This is not the first time. The gruesome images of decapitated children’s bodies and stolen innocence on Gaza’s shores are a dreadful repeat of Israel’s assault on Gaza in November 2012 and winter 2008–09. Not only are the military tactics the same but so too are the public relations efforts and the faulty legal arguments that underpin the attacks. Mainstream media news anchors are inexplicably accepting these arguments as fact.

Below I address five of Israel’s recurring talking points. I hope this proves useful to newsmakers.
1) Israel is exercising its right to self-defense.
As the occupying power of the Gaza Strip, and the Palestinian Territories more broadly, Israel has an obligation and a duty to protect the civilians under its occupation. It governs by military and law enforcement authority to maintain order, protect itself and protect the civilian population under its occupation. It cannot simultaneously occupy the territory, thus usurping the self-governing powers that would otherwise belong to Palestinians, and declare war upon them. These contradictory policies (occupying a land and then declaring war on it) make the Palestinian population doubly vulnerable.

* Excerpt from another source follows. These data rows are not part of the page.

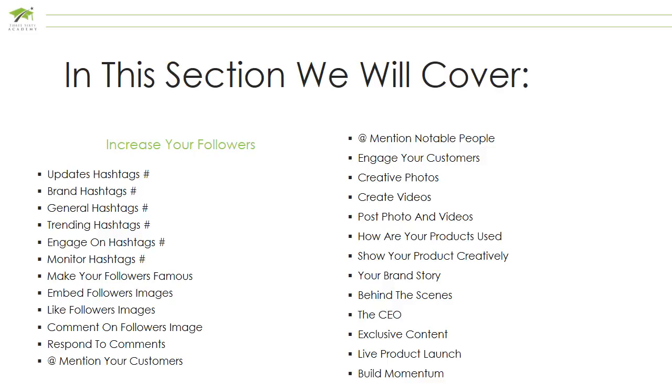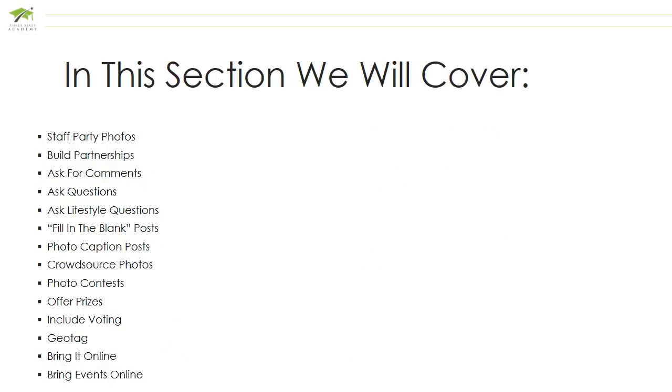Build momentum, staff party photos, build partnerships, and ask for comments.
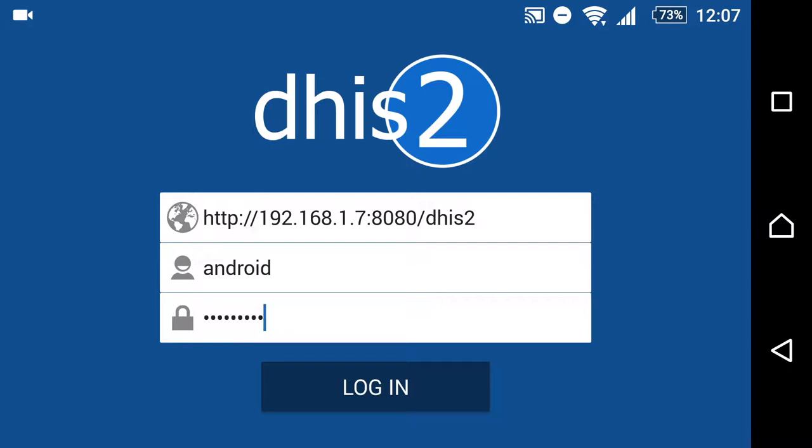In order to log in, we have to enter the server URL, the username, and the password.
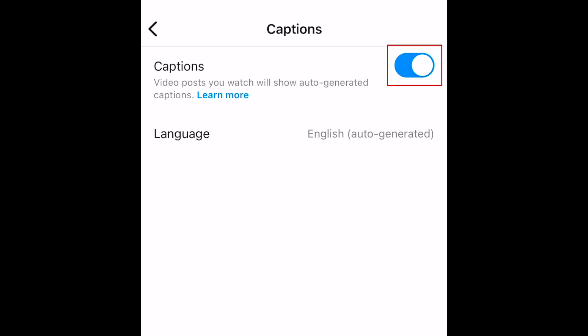If you want to disable automatic captions, tap the switch to turn it off. When the switch turns from blue to grey, automatic captions have been disabled.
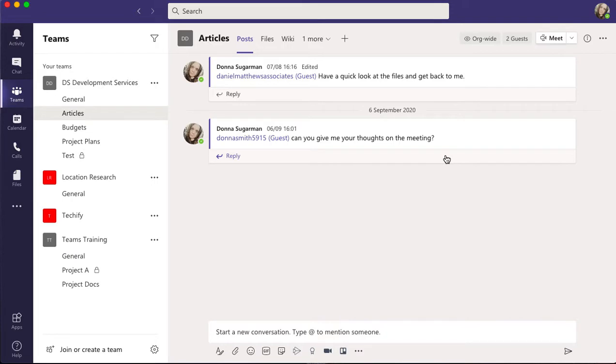In this video we're going to have a look at replying to chats and conversations in a channel. It's slightly different - you need to think about different things when you're in a channel than when you're in a chat conversation.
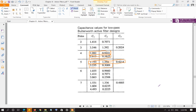All these standard filters have one radian per second as their cutoff frequency. To change that, first apply frequency scaling to calculate new intermediate capacitor values, then perform impedance scaling to get the final values of capacitors and resistors.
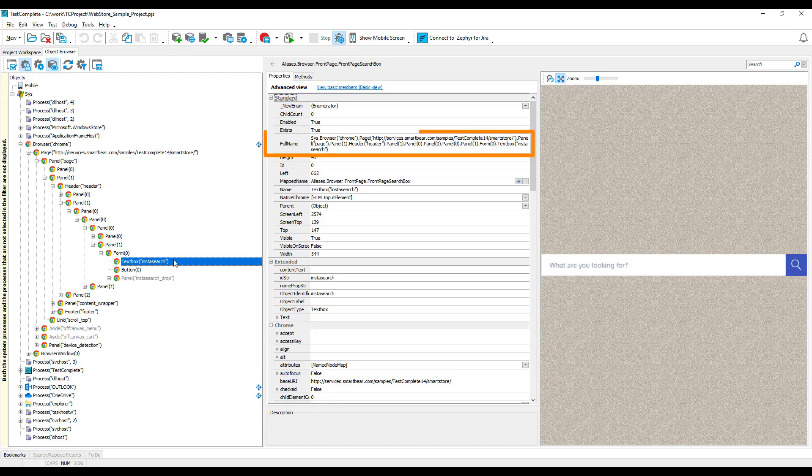The FullName property shows the tested object's name in the object browser. This name can often be too long and complex for a human to read and use in tests. Or you may want to use another set of properties to identify a tested object, for example, the object's class name or attributes.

The precarious and unstable conditions in the Gaza Strip from which Palestinians suffer are Israel’s responsibility. Israel argues that it can invoke the right to self-defense under international law as defined in Article 51 of the UN Charter. The International Court of Justice, however, rejected this faulty legal interpretation in its 2004 Advisory Opinion. The ICJ explained that an armed attack that would trigger Article 51 must be attributable to a sovereign state, but the armed attacks by Palestinians emerge from within Israel’s jurisdictional control. Israel does have the right to defend itself against rocket attacks, but it must do so in accordance with occupation law and not other laws of war. Occupation law ensures greater protection for the civilian population. The other laws of war balance military advantage and civilian suffering. The statement that “no country would tolerate rocket fire from a neighboring country” is therefore both a diversion and baseless.

Israel denies Palestinians the right to govern and protect themselves, while simultaneously invoking the right to self-defense. This is a conundrum and a violation of international law, one that Israel deliberately created to evade accountability.
2) Israel pulled out of Gaza in 2005.
Israel argues that its occupation of the Gaza Strip ended with the unilateral withdrawal of its settler population in 2005. It then declared the Gaza Strip to be “hostile territory” and declared war against its population. Neither the argument nor the statement is tenable. Despite removing 8,000 settlers and the military infrastructure that protected their illegal presence, Israel maintained effective control of the Gaza Strip and thus remains the occupying power as defined by Article 47 of the Hague Regulations. To date, Israel maintains control of the territory’s air space, territorial waters, electromagnetic sphere, population registry and the movement of all goods and people.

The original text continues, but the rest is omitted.